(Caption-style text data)
·····

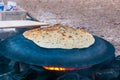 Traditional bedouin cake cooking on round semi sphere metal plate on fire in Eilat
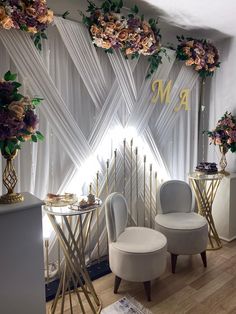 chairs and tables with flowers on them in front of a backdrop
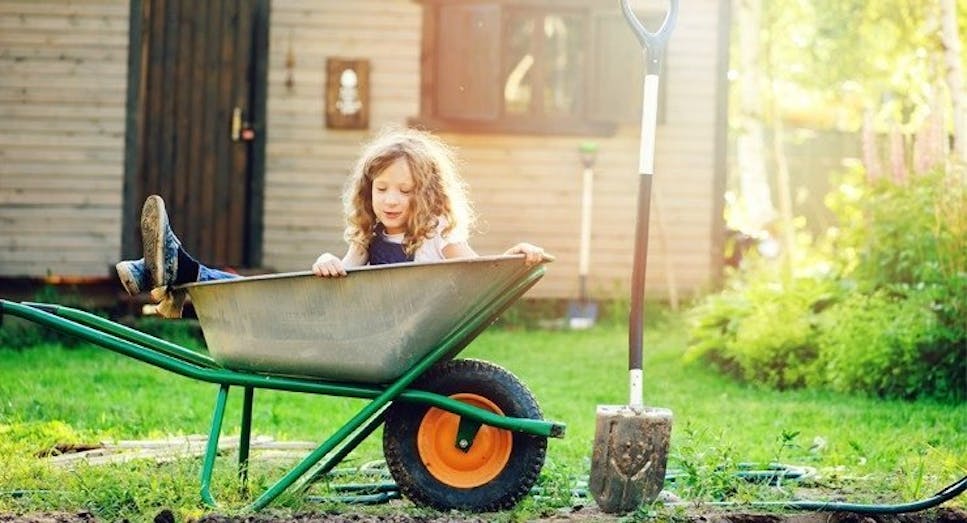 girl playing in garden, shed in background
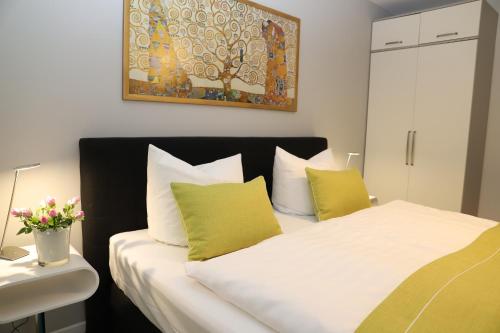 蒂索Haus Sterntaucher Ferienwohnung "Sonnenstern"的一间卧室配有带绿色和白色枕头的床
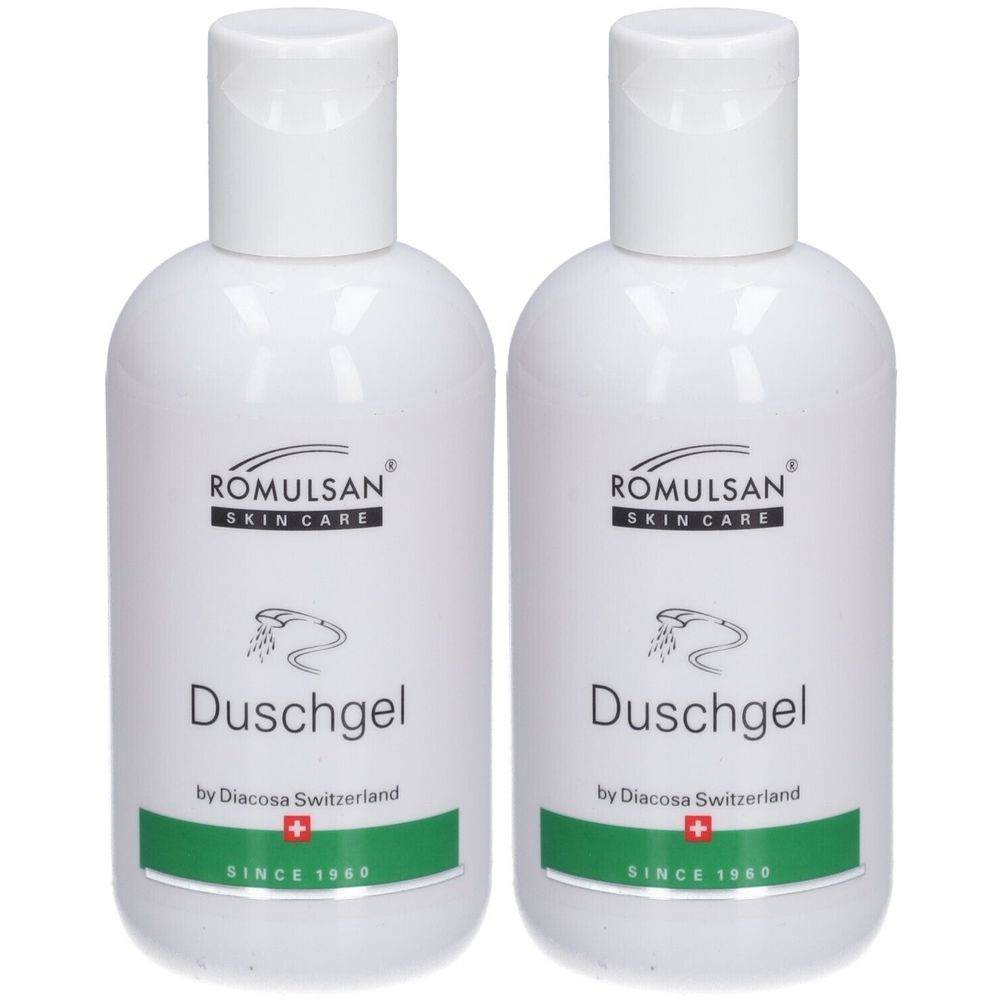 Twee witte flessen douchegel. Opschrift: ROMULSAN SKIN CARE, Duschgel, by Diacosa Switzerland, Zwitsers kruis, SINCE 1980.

·····

-- Problem details --
Every line from the one with "蒂索Haus Sterntaucher Ferienwohnung" through the last line of the data must be copied exactly. Leave the pictures out.

-- Answer box --
 蒂索Haus Sterntaucher Ferienwohnung "Sonnenstern"的一间卧室配有带绿色和白色枕头的床
 Twee witte flessen douchegel. Opschrift: ROMULSAN SKIN CARE, Duschgel, by Diacosa Switzerland, Zwitsers kruis, SINCE 1980.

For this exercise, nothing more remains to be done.